У Оли больше нет синяков. Пеленка с ее фамилией больше не сдерживает ее руки, а просто всегда лежит рядом, так Оле спокойней. А кроме пеленки рядом с Олей теперь лежат какие-то ключики, два огромных барабана, внутрь которых насыпана крупа, большая сумка, мягкое одеяло – всех Олиных богатств я не запомнила, но их и правда очень много. Оля не расстается с ними никогда – все время очень нежно их поглаживает, замирая, улыбаясь, как будто прислушиваясь к необычным ощущениям в пальцах. Теперь, когда Олины руки развязаны, стало видно, какие у нее красивые длинные пальцы, тонкие запястья и плавные, как у танцовщицы, движения.
«Когда мы только переехали, ей было совсем плохо. Видимо, из-за резкой смены обстановки», – говорит Тома Крутенко, студентка-нейробиолог и воспитатель в новом Домике. Сразу после переезда Оля отказывалась слезать с кровати, не спала ночью, раскачивалась и кричала. Тома рассказывает, что старший воспитатель их группы Петр Мейский интуитивно понял, что нужно делать. Петр Мейский работал врачом-психиатром в бывшем Олином интернате, уволился оттуда и пришел работать в Домик простым воспитателем.

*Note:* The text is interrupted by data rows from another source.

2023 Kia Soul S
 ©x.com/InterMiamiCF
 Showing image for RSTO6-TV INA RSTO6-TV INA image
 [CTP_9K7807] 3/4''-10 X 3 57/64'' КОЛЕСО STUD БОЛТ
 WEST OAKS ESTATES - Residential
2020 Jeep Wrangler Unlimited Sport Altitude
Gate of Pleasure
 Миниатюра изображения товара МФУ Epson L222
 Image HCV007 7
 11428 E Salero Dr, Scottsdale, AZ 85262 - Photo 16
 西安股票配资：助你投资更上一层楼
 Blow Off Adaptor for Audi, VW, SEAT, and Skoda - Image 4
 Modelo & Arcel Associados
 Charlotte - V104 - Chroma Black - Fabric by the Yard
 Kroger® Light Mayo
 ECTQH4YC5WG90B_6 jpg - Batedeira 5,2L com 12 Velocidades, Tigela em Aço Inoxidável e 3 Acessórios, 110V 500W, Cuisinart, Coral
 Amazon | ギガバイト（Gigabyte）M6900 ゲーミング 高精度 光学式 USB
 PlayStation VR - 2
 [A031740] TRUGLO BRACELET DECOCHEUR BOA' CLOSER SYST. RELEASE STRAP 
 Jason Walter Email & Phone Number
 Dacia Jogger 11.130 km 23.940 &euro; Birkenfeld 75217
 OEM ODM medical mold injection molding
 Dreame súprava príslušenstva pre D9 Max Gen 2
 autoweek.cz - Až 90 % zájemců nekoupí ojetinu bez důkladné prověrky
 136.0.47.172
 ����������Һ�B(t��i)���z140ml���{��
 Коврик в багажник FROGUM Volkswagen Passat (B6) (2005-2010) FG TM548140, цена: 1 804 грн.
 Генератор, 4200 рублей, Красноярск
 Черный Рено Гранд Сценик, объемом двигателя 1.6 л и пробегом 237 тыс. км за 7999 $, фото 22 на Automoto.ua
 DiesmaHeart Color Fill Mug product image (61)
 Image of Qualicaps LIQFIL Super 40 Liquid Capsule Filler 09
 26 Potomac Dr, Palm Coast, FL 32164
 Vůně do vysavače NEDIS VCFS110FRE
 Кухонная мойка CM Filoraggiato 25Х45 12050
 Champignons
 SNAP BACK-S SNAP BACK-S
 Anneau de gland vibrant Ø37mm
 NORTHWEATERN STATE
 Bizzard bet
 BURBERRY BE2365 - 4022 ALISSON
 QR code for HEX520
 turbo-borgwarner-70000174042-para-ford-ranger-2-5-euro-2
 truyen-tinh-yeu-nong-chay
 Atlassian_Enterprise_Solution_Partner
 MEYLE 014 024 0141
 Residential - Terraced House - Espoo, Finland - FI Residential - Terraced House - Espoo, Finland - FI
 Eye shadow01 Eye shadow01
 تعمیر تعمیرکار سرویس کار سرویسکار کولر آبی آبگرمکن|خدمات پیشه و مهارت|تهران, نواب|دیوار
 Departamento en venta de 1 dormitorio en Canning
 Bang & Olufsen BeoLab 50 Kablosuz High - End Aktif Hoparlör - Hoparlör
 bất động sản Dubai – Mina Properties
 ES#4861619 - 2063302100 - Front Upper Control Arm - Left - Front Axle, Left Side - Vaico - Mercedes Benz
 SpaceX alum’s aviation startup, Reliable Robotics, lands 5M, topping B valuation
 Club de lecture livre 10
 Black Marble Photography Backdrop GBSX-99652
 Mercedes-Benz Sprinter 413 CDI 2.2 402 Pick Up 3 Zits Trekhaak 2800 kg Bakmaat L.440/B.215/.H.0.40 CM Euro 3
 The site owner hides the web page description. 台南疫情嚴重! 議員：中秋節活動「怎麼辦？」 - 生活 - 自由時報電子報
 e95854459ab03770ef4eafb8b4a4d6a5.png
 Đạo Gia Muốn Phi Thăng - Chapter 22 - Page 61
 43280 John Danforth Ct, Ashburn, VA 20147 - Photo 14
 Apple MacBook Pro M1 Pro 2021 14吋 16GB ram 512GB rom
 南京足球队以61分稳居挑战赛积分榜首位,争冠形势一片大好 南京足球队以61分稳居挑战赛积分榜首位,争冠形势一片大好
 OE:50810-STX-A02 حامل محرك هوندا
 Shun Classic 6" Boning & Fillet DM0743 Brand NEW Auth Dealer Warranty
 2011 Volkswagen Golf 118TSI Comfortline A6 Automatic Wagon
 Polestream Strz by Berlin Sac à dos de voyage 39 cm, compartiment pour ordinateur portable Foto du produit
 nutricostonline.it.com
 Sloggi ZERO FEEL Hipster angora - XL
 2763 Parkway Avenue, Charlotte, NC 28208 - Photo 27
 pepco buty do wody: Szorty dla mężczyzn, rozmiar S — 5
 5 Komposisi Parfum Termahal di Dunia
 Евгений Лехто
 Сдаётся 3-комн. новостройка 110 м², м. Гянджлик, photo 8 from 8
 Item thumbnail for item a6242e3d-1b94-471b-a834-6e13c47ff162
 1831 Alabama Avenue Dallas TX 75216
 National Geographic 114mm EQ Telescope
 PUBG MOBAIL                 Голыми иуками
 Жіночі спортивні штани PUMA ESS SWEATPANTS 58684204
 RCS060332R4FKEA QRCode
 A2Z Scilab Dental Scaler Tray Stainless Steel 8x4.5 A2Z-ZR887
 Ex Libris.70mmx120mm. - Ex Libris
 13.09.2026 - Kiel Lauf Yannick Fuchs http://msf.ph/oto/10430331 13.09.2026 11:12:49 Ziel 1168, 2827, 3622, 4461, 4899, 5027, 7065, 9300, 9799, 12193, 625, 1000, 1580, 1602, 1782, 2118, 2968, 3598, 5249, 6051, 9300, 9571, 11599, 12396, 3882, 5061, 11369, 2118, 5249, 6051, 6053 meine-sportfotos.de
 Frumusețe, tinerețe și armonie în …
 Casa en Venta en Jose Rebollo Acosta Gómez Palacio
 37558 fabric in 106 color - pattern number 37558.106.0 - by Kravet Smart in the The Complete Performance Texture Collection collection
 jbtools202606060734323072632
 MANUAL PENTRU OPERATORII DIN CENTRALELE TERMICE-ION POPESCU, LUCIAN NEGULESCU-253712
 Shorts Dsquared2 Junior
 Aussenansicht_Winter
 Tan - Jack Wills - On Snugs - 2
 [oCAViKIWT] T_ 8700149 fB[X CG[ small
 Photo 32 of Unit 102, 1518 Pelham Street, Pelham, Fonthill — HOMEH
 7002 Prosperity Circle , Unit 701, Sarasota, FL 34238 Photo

В сложный адаптационный период Мейский предложил то, что предложили бы любому домашнему ребенку, – нарушить режим. Несколько дней Оля делала что хотела: не вставала с кровати, когда не хотела, не спала, когда не хотела, ее не водили гулять, не заставляли есть. Кроме того, рядом с ней все время был взрослый.
Через несколько дней, впервые за 17 лет своей жизни, Оля поняла, что у нее есть право выбора. Мир, в котором ты можешь выбирать, в котором от тебя что-то зависит, совсем не такой страшный, как мир, где тебя везут, кладут, переодевают и пересаживают.
Новый Олин Домик – негосударственный. Содержание ребенка в таком детском доме обходится в 120 тыс. рублей в месяц. Это довольно большая сумма, и половину которой обычно не тратят на содержание домашнего ребенка в семье. Но дома у ребенка есть родители, чье время, проведенное рядом с ребенком, никто не оценивает в рублях и копейках. Получается, что если попробовать воссоздать эту семейную жизнь (с детской на двух девочек, а не на двадцать, с индивидуальным вниманием, с прогулками каждый день), она обходится гораздо дороже настоящей семейной жизни. Получается, что эта огромная сумма – цена мамы. Цена близкого взрослого для Оли.
Того, который умеет слушать, того, который предложит сделать выбор, того, наконец, кто разрешит тащить с собой на улицу два барабана, сумку, ключи и огромное одеяло.
Эта публикация подготовлена в рамках совместного проекта Русфонда и портала «Милосердие». Русфонд помогает Свято-Софийскому детскому дому для детей-инвалидов (проект «Русфонд.Дом»).